◆ Your assignment
Below is a listing with pictures in it. Copy it exactly without them.

◆ Recorded information
· · · ·

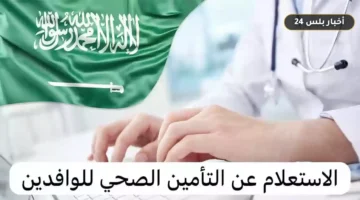 khtwat alastalam altamyn alshy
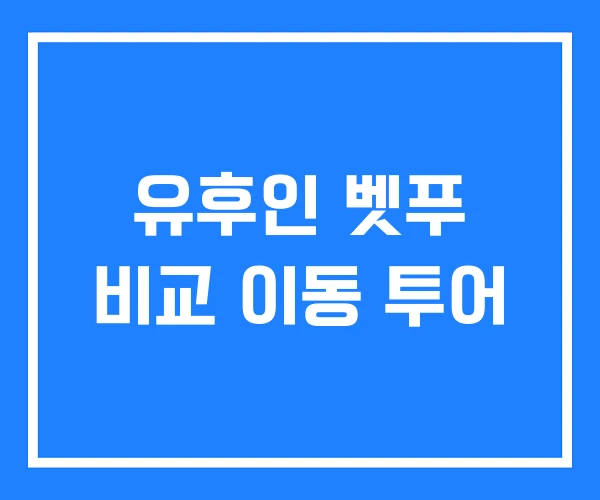 유후인 벳푸 비교 이동 투어 유후인 벳푸 비교 이동 투어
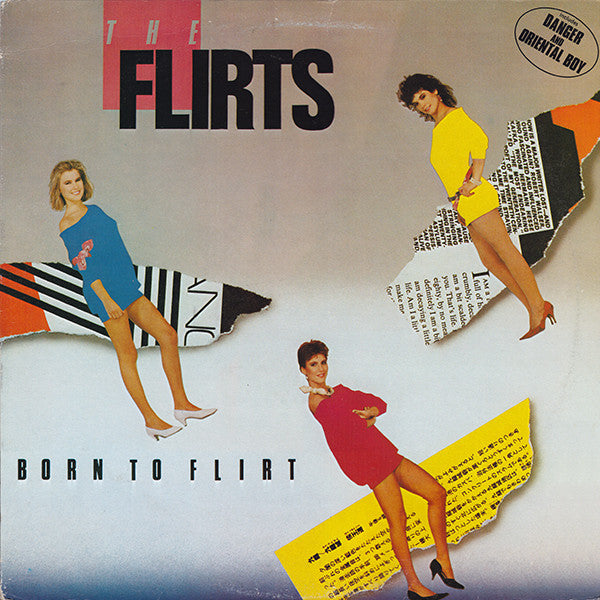 Flirts, The - Born To Flirt - 1984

· · · ·

◆ Exercise result
 khtwat alastalam altamyn alshy
 유후인 벳푸 비교 이동 투어 유후인 벳푸 비교 이동 투어
 Flirts, The - Born To Flirt - 1984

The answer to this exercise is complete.